Perhaps it’s that this year has come with a great deal of uncertainty, but I’ve been afraid even to fully embrace fall for its fallness. And for the most part, so has the weather. We only just turned our heat back on after a couple of abortive starts, and this time it looks like it’s for keeps.
Fall has always been my favorite time of year. Since I was a kid, this is when I’d get more introspective and my imagination would light up in a thousand different ways. That might be what got me onto my current writing project, I suppose. But it’s always meant a lot of different things to me: New classes (I graduated college before the turn of the millennium, but you never learn to shake that feeling), wet leaves, early darkness, gray skies for the one time of year they’re welcome at all, Halloween, new TV shows, football, home-cooked meals, Thanksgiving dinner, my birthday, my anniversary, and the Macy’s parade. That’s pretty much in order of increasing importance.

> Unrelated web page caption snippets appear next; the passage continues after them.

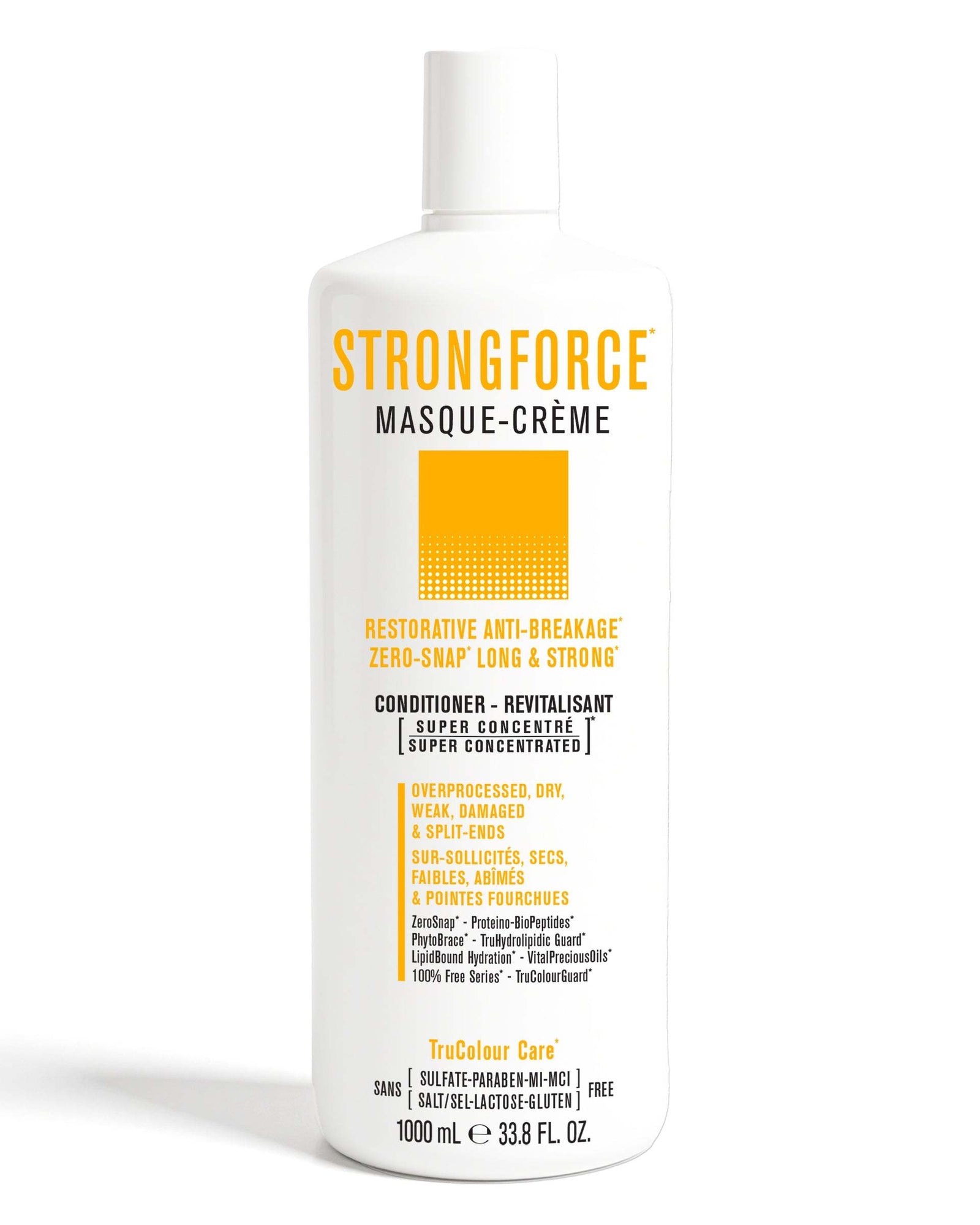 STRONGFORCE Vegan Conditioner 1000 mLRESTORATIVE ANTI-BREAKAGEZERO-SNAP LONG &amp; STRONG

For Overprocessed, Dry, Weak, Damaged &amp; Split-Ends. 
Super Concentrated MASQUE-CREME Vegan Hair ConditionerSNOBGIRLS Canada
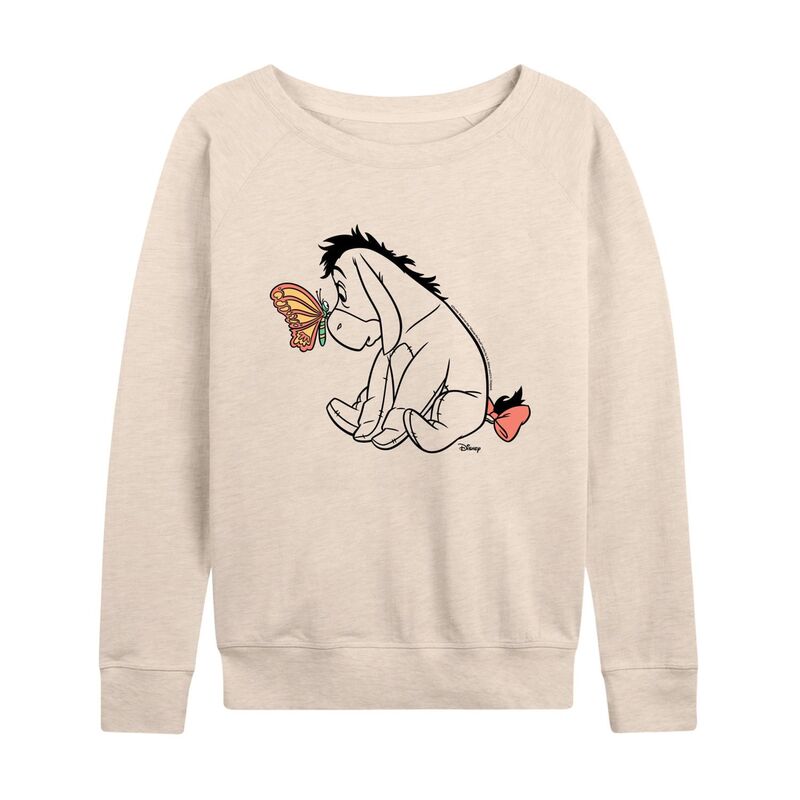 【送料無料】 ディズニー レディース Tシャツ トップス Disney's Winnie the Pooh Eeyore Women's Butterfly Slouchy Graphic Sweatshirt Beige Khaki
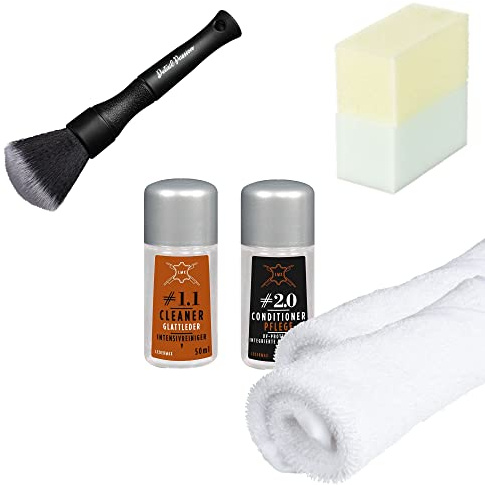Detail Passion Bundle Lederpflege Set Reinigungs- und Pflegeset 50ml + 2 Baumwolltücher + Pinsel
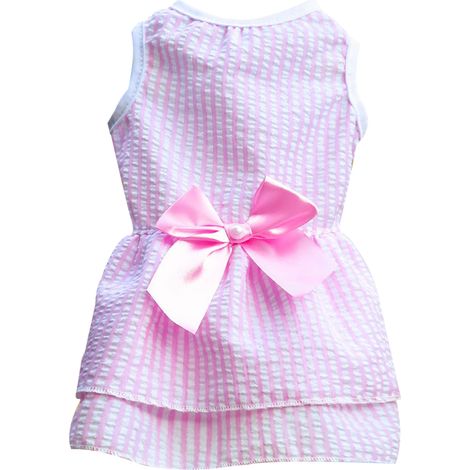 1 robe pour chien, rayée, polyester, rose, taille S à XL, pour chiennes et chats, tenue d'été légère (1/5)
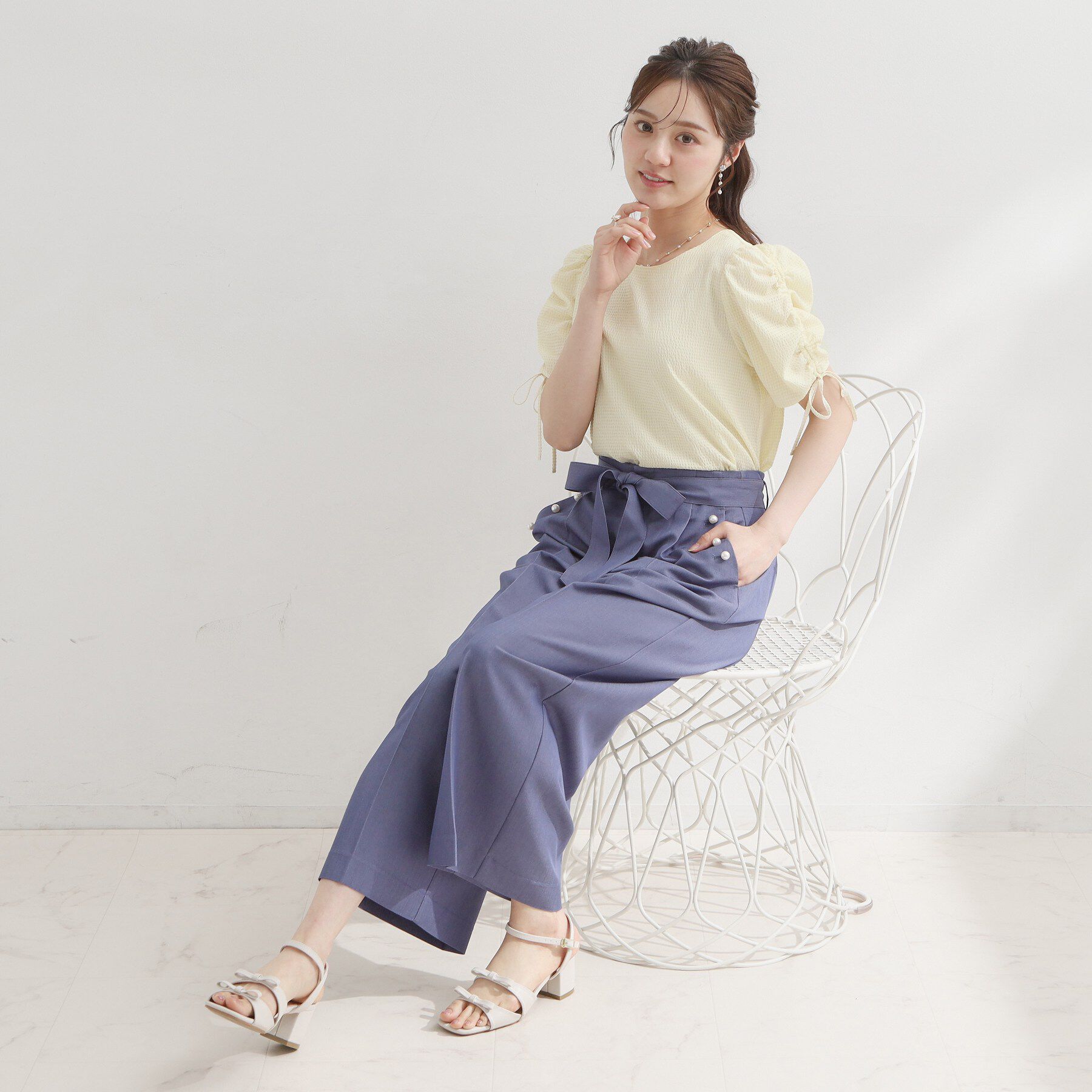 Couture broach「シャーリングチェックブラウス」|シャツ・ブラウス|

Not kidding about the parade; my wife understands.
This year I feel like I’m playing catch-up on all those things. It doesn’t feel like mid-October to me, and it’s freaking me out. I’m not ready for November. I haven’t even done proper wish list maintenance.
Heck, NaNoWriMo is almost upon us, and I’m kinda bummed I’ll miss out on it again this year. I participated for the first time in 2011 and got The Affix out of it. Last year I just had no inspiration. This year, I don’t have a story in mind to write but it doesn’t matter because I’m already writing a book and I don’t dare set it aside to work on another.
Yet while I’m writing, my brain says I should listen to music. First it gets sneaky by saying I should listen to Halloween-themed music. But that’s just so it can divert nutrients to my holiday lobe, because it knows once that gets revved up it’s a slippery slope to Thanksgiving and Christmas. And of course none of these are appropriate to get in the mood for what I’m writing now, but that’s the least of my worries. I know once I get into a Christmas music mode, I won’t get out of it again until somewhere around December 28.
Christmas vacation week. Dangit, brain!